Although South Carolina has perennially been considered one of the nation's most rebellious states, the South Carolina Supreme Court has historically been extremely deferential to precedent. (1) However, in 1997, the South Carolina judicial system experienced a reform that significantly changed the South Carolina Supreme Court's traditional deference to past precedent. (2) As a result of a South Carolina Constitutional amendment, jurists are no longer solely elected by the General Assembly. Rather, a Judicial Merit Selection Commission reviews the qualifications of all applicants and nominates the three most qualified candidates. (3) These three nominees are then voted on by the General Assembly, and the nominee with the highest number of votes is appointed to the bench. (4)

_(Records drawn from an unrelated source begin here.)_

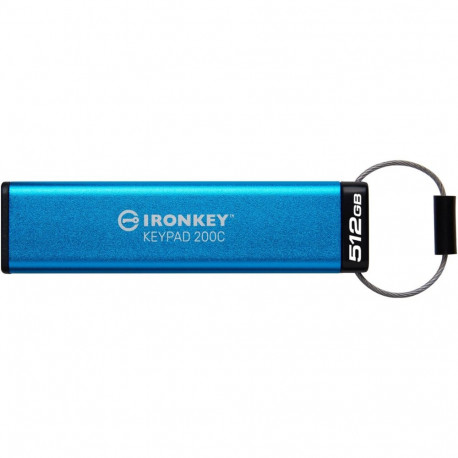 IronKey Keypad 200 512 GB (USB-C 3.2 Gen 1)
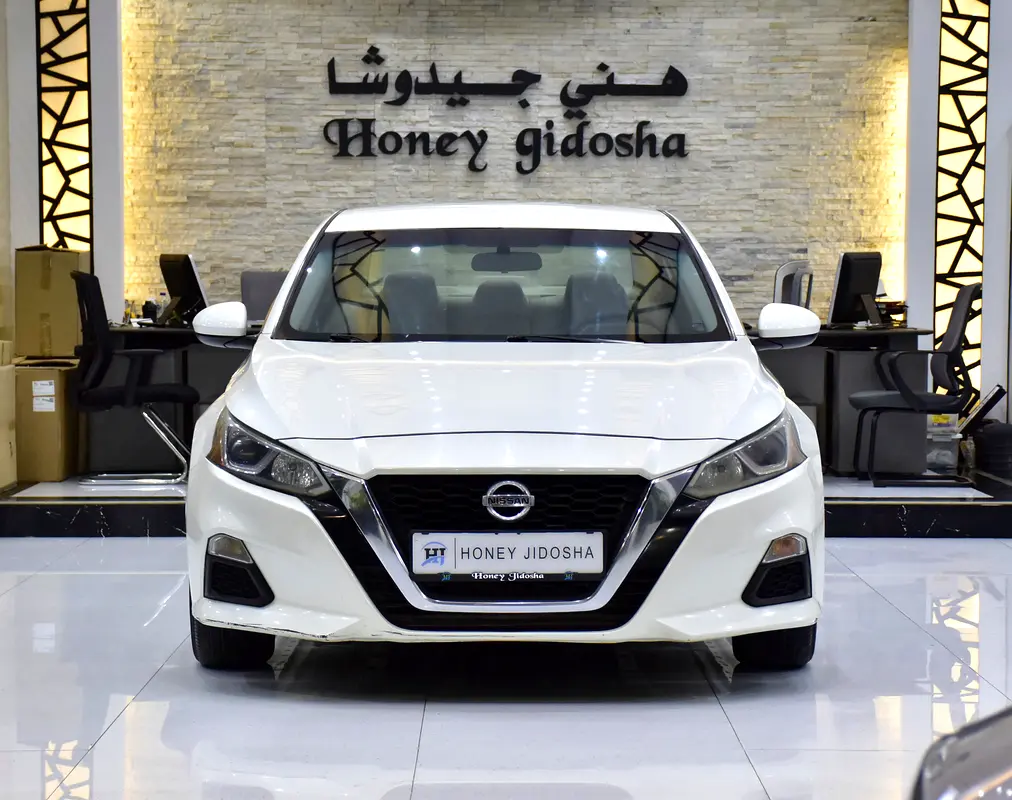 2020 Altima GCC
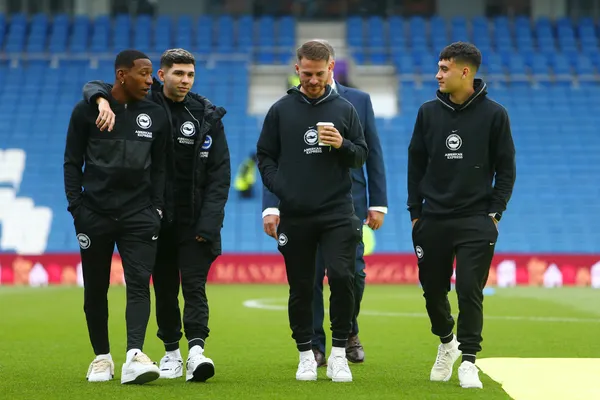 Julio Enciso, compañero de Alexis Mac Allister en Brighton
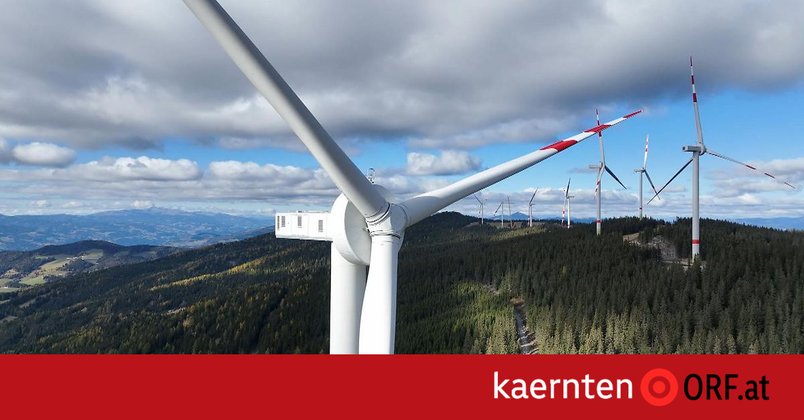 Neuer Windpark geht in Betrieb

While some scholars argue that this change has done little to eliminate the highly political system that the previous method of judicial selection legislative election--promoted, a look at the court's decisions since the implementation of the new selection system tells a different story. (5) In contrast to the decade prior to the amendment where the court only overruled its own precedent twice, in the period between 1997 and 2003, the South Carolina Supreme Court has overruled its own precedent thirty-six times and defied the United States Supreme Court twice. (6) These numbers attest to the fact that the current bench now decides cases with a sense of independence from the General Assembly, resulting in decisions based upon their individual ideologies, rather than the political tides of the General Assembly. The willingness of the new bench to overrule past precedent indicates that, at least to some degree, the justices are shielded from the political backlash which can result from challenging the status quo in South Carolina.
By examining criminal cases from 1997 through 2003 in which the majority chose to overturn previous case law, as well as discussing the rationale behind the court's decisions to disobey the United States Supreme Court, this study seeks to demonstrate the new trend toward judicial independence, while also identifying the underlying ideology of each jurist. Ultimately, it will be apparent that although the change to the judicial selection system resulted in greater independence for the justices, this independence came at the cost of accountability to the public or the General Assembly: arguably the only two bodies through which jurists are forced to consider the principles of majoritarianism.
II. JUDICIAL SELECTION: SOUTH CAROLINA'S 1996 MERIT SELECTION AMENDMENT
Prior to 1997, the South Carolina General Assembly had statutory authority to elect and re-elect the state's judges and justices. (7) Through a joint committee, members of both houses of the legislature reviewed the qualifications of all applicants. (8) However, the statutes enabling the committee to review the candidates did not define the qualifications to be reviewed or how they were to be weighed. (9) Moreover, the committee lacked authority to remove an applicant's name from consideration. (10) Therefore, unqualified applicants remained eligible for appointment. This process at times resulted in unqualified applicants being elected to the bench because members of the General Assembly--provided with little external guidance on the qualifications of the candidates--often elected sitting or former legislators, with whom they had experience. (11) In fact, from 1995 until 2000, all five South Carolina Supreme Court justices had previously served in the General Assembly. (12) Moreover, all of the current justices, with the exception of Justice Pleicones, were elected very shortly after ending their service in the legislature. (13) Although most of the justices first sat on the Circuit Court, current Chief Justice Jean Hoefer Toal was elected directly to the Supreme Court from the legislature. (14)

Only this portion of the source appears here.